### Work to complete
Return exactly the lines below, starting with the one that has "In image eight" and going on through the one that has "Now we can finish".

Stored data:
★ ★ ★ ★ ★
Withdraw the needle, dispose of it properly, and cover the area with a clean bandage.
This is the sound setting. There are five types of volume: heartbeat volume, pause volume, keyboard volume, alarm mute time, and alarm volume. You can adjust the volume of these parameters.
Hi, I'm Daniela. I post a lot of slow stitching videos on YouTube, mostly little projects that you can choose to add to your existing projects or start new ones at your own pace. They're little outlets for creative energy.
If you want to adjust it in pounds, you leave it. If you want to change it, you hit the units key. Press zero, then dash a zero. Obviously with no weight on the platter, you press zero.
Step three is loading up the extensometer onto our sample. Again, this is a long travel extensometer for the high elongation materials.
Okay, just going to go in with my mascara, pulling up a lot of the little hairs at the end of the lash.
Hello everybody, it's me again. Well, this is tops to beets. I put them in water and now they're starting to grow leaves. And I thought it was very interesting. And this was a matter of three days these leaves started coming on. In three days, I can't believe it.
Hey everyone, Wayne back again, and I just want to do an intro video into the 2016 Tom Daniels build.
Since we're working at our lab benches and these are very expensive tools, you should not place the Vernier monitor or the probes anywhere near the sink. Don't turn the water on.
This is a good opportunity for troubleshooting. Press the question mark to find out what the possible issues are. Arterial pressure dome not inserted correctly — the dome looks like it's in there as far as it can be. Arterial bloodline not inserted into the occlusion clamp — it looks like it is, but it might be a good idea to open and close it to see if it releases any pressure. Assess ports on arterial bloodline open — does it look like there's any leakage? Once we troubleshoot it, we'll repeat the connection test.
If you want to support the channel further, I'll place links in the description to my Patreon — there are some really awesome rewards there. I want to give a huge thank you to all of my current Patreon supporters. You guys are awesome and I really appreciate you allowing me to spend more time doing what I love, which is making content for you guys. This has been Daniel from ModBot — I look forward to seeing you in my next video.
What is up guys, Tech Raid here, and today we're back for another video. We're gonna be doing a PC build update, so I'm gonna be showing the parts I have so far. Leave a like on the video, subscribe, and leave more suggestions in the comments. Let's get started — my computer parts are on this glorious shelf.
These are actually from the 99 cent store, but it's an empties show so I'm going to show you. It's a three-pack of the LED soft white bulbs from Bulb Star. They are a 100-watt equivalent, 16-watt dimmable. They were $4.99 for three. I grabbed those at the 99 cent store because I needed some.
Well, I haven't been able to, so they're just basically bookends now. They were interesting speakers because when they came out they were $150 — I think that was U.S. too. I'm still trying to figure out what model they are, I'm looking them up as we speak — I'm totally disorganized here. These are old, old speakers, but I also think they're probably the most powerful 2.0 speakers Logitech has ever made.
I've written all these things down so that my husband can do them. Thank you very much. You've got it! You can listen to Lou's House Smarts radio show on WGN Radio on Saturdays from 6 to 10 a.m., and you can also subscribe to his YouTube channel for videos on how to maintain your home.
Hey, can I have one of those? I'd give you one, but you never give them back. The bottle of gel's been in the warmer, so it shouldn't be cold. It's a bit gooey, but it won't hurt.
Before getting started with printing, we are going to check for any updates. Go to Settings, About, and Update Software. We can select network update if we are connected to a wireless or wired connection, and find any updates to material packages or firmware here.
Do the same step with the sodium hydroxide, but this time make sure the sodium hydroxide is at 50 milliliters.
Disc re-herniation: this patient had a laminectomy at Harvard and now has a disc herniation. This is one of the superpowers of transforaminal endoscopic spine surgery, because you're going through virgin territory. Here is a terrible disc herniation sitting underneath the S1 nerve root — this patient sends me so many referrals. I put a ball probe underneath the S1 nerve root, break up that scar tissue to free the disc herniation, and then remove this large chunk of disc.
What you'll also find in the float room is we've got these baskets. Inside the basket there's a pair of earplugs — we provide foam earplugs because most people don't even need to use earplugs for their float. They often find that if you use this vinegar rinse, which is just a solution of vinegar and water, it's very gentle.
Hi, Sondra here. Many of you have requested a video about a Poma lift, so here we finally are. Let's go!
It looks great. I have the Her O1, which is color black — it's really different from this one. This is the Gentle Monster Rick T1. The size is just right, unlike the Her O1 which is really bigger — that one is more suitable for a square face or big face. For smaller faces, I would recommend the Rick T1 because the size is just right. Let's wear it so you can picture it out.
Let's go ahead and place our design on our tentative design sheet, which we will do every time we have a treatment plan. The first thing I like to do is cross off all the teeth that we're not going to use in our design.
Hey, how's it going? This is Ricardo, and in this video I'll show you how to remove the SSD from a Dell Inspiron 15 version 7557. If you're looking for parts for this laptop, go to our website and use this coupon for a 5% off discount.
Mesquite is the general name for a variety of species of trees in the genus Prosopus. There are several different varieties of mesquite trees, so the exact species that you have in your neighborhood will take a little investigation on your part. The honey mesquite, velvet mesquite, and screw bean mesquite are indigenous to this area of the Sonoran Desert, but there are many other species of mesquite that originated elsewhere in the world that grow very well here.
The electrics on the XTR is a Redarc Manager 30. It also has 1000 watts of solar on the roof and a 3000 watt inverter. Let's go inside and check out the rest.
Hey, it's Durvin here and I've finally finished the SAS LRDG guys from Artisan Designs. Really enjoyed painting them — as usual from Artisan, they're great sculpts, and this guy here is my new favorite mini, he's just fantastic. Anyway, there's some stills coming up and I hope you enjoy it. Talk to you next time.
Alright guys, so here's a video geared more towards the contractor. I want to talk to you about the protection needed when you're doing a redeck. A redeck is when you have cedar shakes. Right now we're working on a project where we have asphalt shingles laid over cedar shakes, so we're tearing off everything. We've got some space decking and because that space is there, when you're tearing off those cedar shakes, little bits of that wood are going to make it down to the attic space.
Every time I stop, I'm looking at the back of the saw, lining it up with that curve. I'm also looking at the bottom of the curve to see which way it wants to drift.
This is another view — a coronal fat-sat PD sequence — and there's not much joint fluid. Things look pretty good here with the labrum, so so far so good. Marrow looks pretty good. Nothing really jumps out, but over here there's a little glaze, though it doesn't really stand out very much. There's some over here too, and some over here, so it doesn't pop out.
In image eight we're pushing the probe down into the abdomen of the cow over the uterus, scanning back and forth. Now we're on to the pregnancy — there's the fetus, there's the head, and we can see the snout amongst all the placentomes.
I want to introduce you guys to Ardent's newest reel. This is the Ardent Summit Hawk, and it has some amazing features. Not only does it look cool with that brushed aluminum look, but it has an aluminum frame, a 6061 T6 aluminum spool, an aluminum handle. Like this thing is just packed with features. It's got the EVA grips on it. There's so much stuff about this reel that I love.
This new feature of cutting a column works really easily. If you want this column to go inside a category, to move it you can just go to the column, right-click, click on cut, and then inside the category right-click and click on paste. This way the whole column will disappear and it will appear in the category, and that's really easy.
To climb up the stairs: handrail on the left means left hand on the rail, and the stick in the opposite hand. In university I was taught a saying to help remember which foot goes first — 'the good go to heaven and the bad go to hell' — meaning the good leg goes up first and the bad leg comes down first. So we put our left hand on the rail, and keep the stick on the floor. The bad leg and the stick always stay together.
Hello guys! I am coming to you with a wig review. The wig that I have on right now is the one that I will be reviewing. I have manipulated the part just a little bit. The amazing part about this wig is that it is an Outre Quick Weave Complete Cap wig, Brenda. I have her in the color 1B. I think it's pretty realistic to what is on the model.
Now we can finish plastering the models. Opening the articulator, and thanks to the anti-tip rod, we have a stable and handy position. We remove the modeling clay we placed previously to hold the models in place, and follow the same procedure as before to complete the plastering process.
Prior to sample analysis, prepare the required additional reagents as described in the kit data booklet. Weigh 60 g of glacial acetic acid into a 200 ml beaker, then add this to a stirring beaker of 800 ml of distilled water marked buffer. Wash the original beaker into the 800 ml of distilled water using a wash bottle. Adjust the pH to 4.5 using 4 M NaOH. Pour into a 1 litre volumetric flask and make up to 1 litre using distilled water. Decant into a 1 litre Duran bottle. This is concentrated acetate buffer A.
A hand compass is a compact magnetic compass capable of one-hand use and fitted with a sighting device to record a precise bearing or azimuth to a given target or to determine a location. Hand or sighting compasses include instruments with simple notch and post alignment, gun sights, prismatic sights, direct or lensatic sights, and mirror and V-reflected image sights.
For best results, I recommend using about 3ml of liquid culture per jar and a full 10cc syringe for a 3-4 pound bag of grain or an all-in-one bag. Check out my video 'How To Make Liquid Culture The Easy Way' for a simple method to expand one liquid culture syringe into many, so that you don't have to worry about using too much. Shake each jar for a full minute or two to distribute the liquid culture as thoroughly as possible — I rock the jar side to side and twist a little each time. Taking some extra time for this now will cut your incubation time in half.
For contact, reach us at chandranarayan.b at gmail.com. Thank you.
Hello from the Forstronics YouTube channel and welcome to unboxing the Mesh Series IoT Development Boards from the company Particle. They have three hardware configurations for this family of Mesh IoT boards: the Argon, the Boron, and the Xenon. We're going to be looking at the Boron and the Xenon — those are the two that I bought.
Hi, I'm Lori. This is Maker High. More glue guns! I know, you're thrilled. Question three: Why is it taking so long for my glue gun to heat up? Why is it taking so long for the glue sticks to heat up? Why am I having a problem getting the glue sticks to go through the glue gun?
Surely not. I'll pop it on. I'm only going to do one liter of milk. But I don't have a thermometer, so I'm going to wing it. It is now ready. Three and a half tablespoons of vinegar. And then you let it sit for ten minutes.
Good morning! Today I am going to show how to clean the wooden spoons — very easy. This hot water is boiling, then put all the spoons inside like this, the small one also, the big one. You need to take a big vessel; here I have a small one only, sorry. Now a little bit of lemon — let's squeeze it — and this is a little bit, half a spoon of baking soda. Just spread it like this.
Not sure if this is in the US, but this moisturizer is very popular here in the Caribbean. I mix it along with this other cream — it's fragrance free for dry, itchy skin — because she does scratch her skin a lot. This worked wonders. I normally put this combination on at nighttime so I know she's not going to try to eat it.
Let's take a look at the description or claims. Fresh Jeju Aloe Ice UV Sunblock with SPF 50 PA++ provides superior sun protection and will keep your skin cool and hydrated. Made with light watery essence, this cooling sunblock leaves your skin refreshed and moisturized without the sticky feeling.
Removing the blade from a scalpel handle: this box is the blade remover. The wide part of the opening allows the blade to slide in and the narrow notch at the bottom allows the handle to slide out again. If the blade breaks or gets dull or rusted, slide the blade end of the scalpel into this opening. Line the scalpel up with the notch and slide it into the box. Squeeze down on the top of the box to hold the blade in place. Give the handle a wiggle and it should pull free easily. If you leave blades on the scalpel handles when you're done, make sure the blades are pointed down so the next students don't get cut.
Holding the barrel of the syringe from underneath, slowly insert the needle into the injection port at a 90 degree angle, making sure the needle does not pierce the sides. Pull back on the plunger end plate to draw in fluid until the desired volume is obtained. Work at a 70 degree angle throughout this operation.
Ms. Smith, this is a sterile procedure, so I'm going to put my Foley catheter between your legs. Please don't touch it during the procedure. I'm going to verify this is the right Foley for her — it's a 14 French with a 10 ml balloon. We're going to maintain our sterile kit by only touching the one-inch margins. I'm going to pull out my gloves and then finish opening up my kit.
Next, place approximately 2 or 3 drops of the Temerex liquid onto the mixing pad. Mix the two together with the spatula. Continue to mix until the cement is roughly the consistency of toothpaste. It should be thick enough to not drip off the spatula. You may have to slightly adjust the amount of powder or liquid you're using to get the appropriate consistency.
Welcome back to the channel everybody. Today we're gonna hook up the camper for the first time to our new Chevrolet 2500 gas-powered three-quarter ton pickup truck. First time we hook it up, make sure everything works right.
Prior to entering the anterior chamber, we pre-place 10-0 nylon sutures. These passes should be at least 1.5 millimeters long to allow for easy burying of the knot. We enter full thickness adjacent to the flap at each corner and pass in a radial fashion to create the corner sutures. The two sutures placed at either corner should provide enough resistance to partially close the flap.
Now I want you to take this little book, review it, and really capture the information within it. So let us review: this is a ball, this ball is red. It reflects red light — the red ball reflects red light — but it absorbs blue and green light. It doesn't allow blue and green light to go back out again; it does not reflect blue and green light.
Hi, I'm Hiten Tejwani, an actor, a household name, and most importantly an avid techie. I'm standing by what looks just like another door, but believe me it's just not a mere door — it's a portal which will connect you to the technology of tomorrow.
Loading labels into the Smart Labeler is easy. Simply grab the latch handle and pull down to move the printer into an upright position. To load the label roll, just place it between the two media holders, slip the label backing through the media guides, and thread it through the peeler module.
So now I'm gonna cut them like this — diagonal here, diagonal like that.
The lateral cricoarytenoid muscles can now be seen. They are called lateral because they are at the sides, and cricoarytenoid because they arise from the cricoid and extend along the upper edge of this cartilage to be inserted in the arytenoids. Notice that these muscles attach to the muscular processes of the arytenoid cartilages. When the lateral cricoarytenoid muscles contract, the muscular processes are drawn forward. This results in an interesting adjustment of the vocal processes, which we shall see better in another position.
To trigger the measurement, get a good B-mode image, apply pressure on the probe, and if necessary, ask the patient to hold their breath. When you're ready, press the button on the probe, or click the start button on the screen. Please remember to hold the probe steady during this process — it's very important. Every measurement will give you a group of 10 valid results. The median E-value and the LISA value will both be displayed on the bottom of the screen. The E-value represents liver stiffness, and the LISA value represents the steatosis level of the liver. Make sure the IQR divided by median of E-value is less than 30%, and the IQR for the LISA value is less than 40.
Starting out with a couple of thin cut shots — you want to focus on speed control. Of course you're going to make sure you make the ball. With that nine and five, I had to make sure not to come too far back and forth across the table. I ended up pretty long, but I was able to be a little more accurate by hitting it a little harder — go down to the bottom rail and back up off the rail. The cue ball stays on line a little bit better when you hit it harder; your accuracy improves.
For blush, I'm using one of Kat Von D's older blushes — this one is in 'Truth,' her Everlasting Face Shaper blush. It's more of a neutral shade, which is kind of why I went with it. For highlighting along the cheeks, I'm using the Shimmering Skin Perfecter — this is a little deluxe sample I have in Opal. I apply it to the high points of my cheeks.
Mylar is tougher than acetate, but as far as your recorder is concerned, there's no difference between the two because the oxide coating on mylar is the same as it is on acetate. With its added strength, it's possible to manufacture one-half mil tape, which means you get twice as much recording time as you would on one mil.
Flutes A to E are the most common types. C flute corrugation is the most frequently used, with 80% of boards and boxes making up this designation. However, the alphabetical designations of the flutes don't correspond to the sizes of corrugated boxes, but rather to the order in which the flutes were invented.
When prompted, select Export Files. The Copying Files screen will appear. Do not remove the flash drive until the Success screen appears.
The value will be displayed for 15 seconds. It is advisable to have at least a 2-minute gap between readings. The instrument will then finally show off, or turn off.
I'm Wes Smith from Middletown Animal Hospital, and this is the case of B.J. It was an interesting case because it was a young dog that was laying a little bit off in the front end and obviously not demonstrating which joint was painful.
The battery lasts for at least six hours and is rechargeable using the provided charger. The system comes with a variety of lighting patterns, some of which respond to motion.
★ ★ ★ ★ ★
### Reply to the task
In image eight we're pushing the probe down into the abdomen of the cow over the uterus, scanning back and forth. Now we're on to the pregnancy — there's the fetus, there's the head, and we can see the snout amongst all the placentomes.
I want to introduce you guys to Ardent's newest reel. This is the Ardent Summit Hawk, and it has some amazing features. Not only does it look cool with that brushed aluminum look, but it has an aluminum frame, a 6061 T6 aluminum spool, an aluminum handle. Like this thing is just packed with features. It's got the EVA grips on it. There's so much stuff about this reel that I love.
This new feature of cutting a column works really easily. If you want this column to go inside a category, to move it you can just go to the column, right-click, click on cut, and then inside the category right-click and click on paste. This way the whole column will disappear and it will appear in the category, and that's really easy.
To climb up the stairs: handrail on the left means left hand on the rail, and the stick in the opposite hand. In university I was taught a saying to help remember which foot goes first — 'the good go to heaven and the bad go to hell' — meaning the good leg goes up first and the bad leg comes down first. So we put our left hand on the rail, and keep the stick on the floor. The bad leg and the stick always stay together.
Hello guys! I am coming to you with a wig review. The wig that I have on right now is the one that I will be reviewing. I have manipulated the part just a little bit. The amazing part about this wig is that it is an Outre Quick Weave Complete Cap wig, Brenda. I have her in the color 1B. I think it's pretty realistic to what is on the model.
Now we can finish plastering the models. Opening the articulator, and thanks to the anti-tip rod, we have a stable and handy position. We remove the modeling clay we placed previously to hold the models in place, and follow the same procedure as before to complete the plastering process.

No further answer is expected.